The values of the $p\left(y\right)$ .
The means of the two distributions.
The covariance matrix.

The model has no hyper-parameters.

⚙️ Learning

✍️ Exercise 6.1

Find the optimal classification function using LDA
Can you give some confidence level based on the LDA model?
How would the algorithm change if you know that the prior chances of a tissue being malignant is 5%?

Solution 6.1-1

Implementing the LDA algorithm

## Define x & y
x = train_set[['radius_mean', 'texture_mean']].values
y = train_set['diagnosis'].values == 'M'

## Calculate p(y)
py1 = np.mean(y)
py0 = 1 - py1

## Calculate the means of the normal distributions
mu0 = x[y==0].mean(axis=0)
mu1 = x[y==1].mean(axis=0)

## Calculate the covariance matrix
x_minus_mu = np.concatenate((x[y==0] - mu0[None, :], x[y==1] - mu1[None, :]), axis=0)
cov_mat = (x_minus_mu.T @ x_minus_mu) / len(x)

## Calculate linear classifier coefficients
cov_mat_inv = np.linalg.inv(cov_mat)
a = cov_mat_inv @ (mu1- mu0)
b = 0.5 * (mu0 @ cov_mat_inv @ mu0 - mu1 @ cov_mat_inv @ mu1) + np.log(py1 / py0)

## Evaluate the risk on the train set
train_prediction = (x @ a + b) > 0
train_risk = (train_prediction != y).mean()

print_math('The train risk is: $${:.2}$$'.format(train_risk))

The train risk is: $0.12$

Let us plot the normal distributions and the classifier

from scipy.stats import multivariate_normal
x1_grid, x2_grid = np.meshgrid(np.arange(5, 35 + 1e-9, 0.1), np.arange(5, 35 + 1e-9, 0.1))

norm_dist0 = multivariate_normal(mu0, cov_mat)
norm_dist1 = multivariate_normal(mu1, cov_mat)
predict = (a[0] * x1_grid + a[1] * x2_grid + b) > 0

fig, ax = plt.subplots(figsize=(8, 8))
ax.contour(x1_grid, x2_grid, norm_dist0.pdf(np.stack((x1_grid, x2_grid), axis=2)), colors='k', alpha=0.3, levels=(0.005, 0.01, 0.015))
ax.contour(x1_grid, x2_grid, norm_dist1.pdf(np.stack((x1_grid, x2_grid), axis=2)), colors='k', alpha=0.3, levels=(0.005, 0.01, 0.015))
ax.imshow(predict, extent=[x1_grid.min(), x1_grid.max(), x2_grid.max(), x2_grid.min()], cmap='jet', alpha=0.5)
ax.plot(x[y==1, 0], x[y==1, 1],'.r', markersize=4, label='M')
ax.plot(x[y==0, 0], x[y==0, 1],'.b', markersize=4, label='B')
ax.set_xlim(x1_grid.min(), x1_grid.max())
ax.set_ylim(x2_grid.min(), x2_grid.max())
ax.grid(True)
ax.set_title('Radius Mean vs. Texture Mean')
ax.set_xlabel('Radius')
ax.set_ylabel('Gray levels STD')
ax.legend();

png

Solution 6.1-2

In the LDA algorithm, and in any other generative algorithm, we are selecting the classifier based on the estimated underlying distribution. Therefore we can actually predict the probability of a tissue being malignant.

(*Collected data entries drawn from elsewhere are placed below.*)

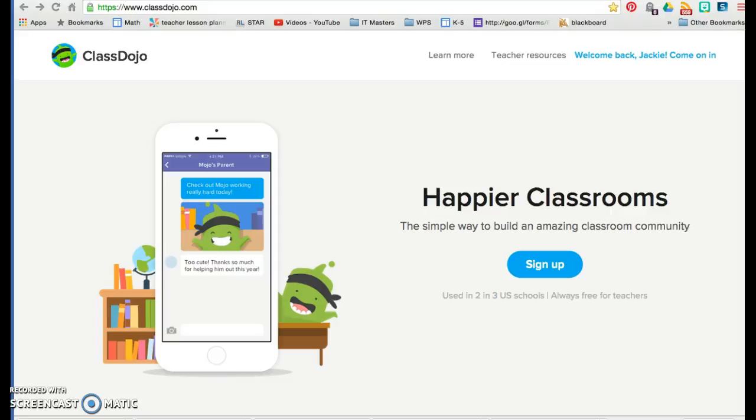My audience is third graders and also their parents. The standards that I would say are closest connected to Dojo are ISTE T2C, which is providing a customized tool for each student to set goals and work towards achieving them, and ISTE T3B, connecting parents, because it connects parents instantly on their phones and on their computers.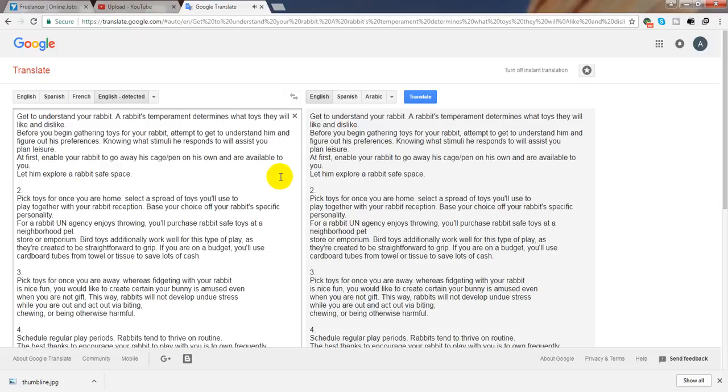Be patient. Rabbits can be timid, particularly initially. You should not push play or bounce toys if your rabbit seems uninterested. Let the rabbit adjust at their own pace.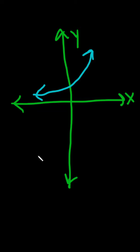Determine if the graph defines y as a function of x. So we're going to use something called the vertical line test.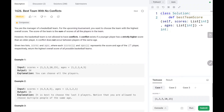Hey everyone, welcome to Techwide. In this video we are going to solve problem number 1626, Best Team With No Conflicts. We are given two input arrays, one for scores and one for ages, and we need to build a team that can have a maximum possible score. The condition is that a younger player should not have more scores than an older player.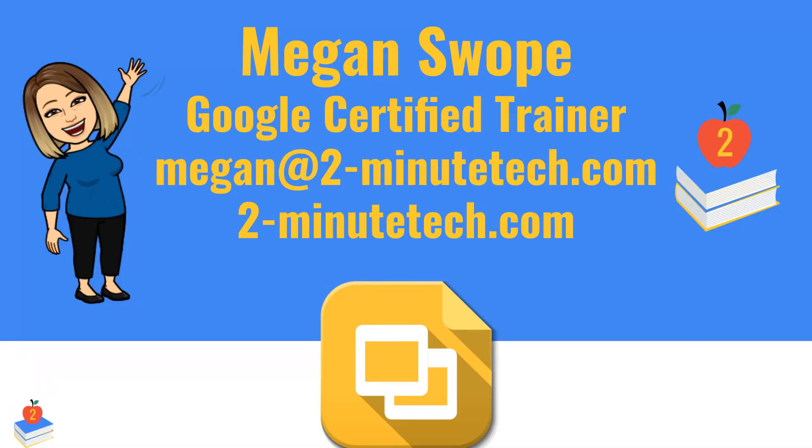Of course, if you have any questions about this, don't hesitate to reach out to me at Megan at TwoMinuteTech.com, or you can visit our website at TwoMinuteTech.com. Have a great day.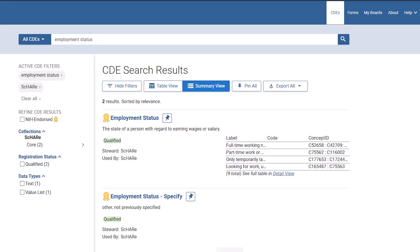Let me orient you to the results page. All CDEs have a steward, which is the organization or project responsible for the CDE in the repository. Let's look closely at the one from Cher titled Employment Status. I know this CDE is NIH-endorsed because it has a gold ribbon icon beside it.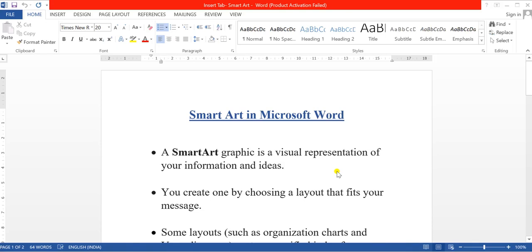Hello dear children, I hope you all are fine. So today we are going to learn SmartArt in Microsoft Word.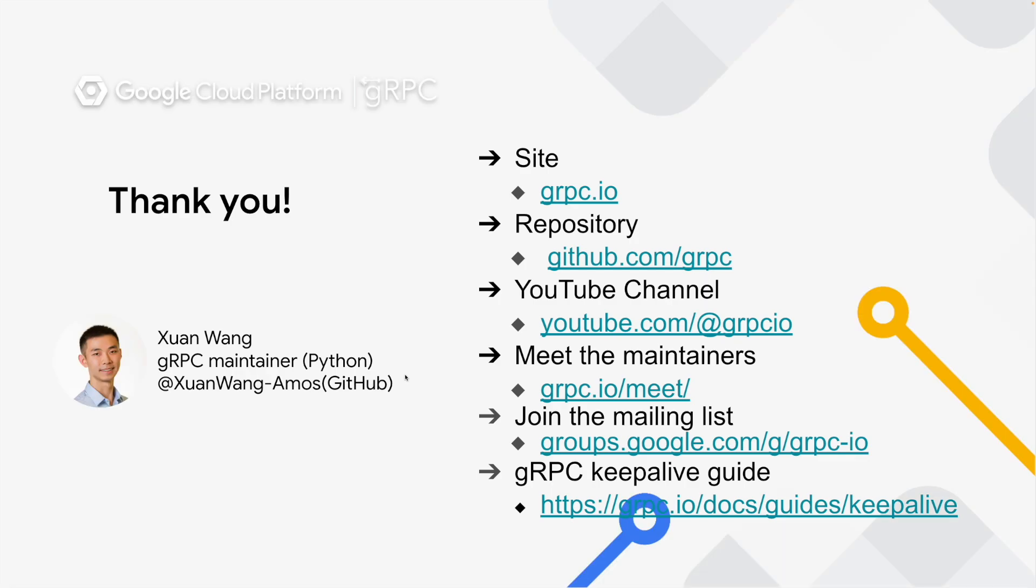That's all for today. You can find more information about gRPC on the website, GitHub repo, YouTube channel, and mailing list. Feel free to reach out if you have any questions. Thanks for watching.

We saw that we can write $$p\left(y=1

\boldsymbol{x}\right)$$ using Bayes rule:

$p\left(y=1|\boldsymbol{x}\right)=\frac{p\left(\boldsymbol{x}|y=1\right)p\left(y=1\right)}{p\left(\boldsymbol{x}|y=0\right)p\left(y=0\right)+p\left(\boldsymbol{x}|y=1\right)p\left(y=1\right)}$

and since all the above distributions are known we predict the probability of a tissue being malignant given some set of features $\boldsymbol{x}$

Solution 6.1-3

If $p\left(y=1\right)$ and $p\left(y=0\right)\left(=1-p\left(y=1\right)\right)$ are known we can simply use these values instead of trying to estimate them. These values appear in the expression for $b$ :

$b=\tfrac{1}{2}\left(\boldsymbol{\mu}_0^T\Sigma^{-1}\boldsymbol{\mu}_0 - \boldsymbol{\mu}_1^T\Sigma^{-1}\boldsymbol{\mu}_1\right) + \log\left(\frac{p\left(y=0\right)}{p\left(y=1\right)}\right)$$

This is the prediction map based on $p\left(y=1\right)=0.05$ and $p\left(y=0\right)=0.95$ :

## Define p(y) according to the known prior
py1 = 0.05
py0 = 0.95

## Calculate linear classifier coefficients
cov_mat_inv = np.linalg.inv(cov_mat)
a = cov_mat_inv @ (mu1- mu0)
b = 0.5 * (mu0 @ cov_mat_inv @ mu0 - mu1 @ cov_mat_inv @ mu1) + np.log(py1 / py0)

predict = (a[0] * x1_grid + a[1] * x2_grid + b) > 0

fig, ax = plt.subplots(figsize=(8, 8))
ax.imshow(predict, extent=[x1_grid.min(), x1_grid.max(), x2_grid.max(), x2_grid.min()], cmap='jet', alpha=0.5)
ax.plot(x[y==1, 0], x[y==1, 1],'.r', markersize=4, label='M')
ax.plot(x[y==0, 0], x[y==0, 1],'.b', markersize=4, label='B')
ax.set_xlim(x1_grid.min(), x1_grid.max())
ax.set_ylim(x2_grid.min(), x2_grid.max())
ax.grid(True)
ax.set_title('Radius Mean vs. Texture Mean')
ax.set_xlabel('Radius')
ax.set_ylabel('Gray levels STD')
ax.legend();

png

As we can see, the decision plan has shifted significantly to the right. This is due to the fact that our new prior reduces the prior change of a tissue being malignant, this, in turn, reduces the posterior chance of the tissue being malignant and more area on the graph becomes blue.

SciKit-Learn

Not surprisingly SciKit-Learn has a LDA implementation: LinearDiscriminantAnalysis

Let us repeat the calculation using LinearDiscriminantAnalysis.

from sklearn.discriminant_analysis import LinearDiscriminantAnalysis

## Create the classifier object
clf = LinearDiscriminantAnalysis(store_covariance=True)

## Train the classifier
clf.fit(x, y)

## Evaluate the risk on the train set
train_prediction = clf.predict(x)
train_risk = (train_prediction != y).mean()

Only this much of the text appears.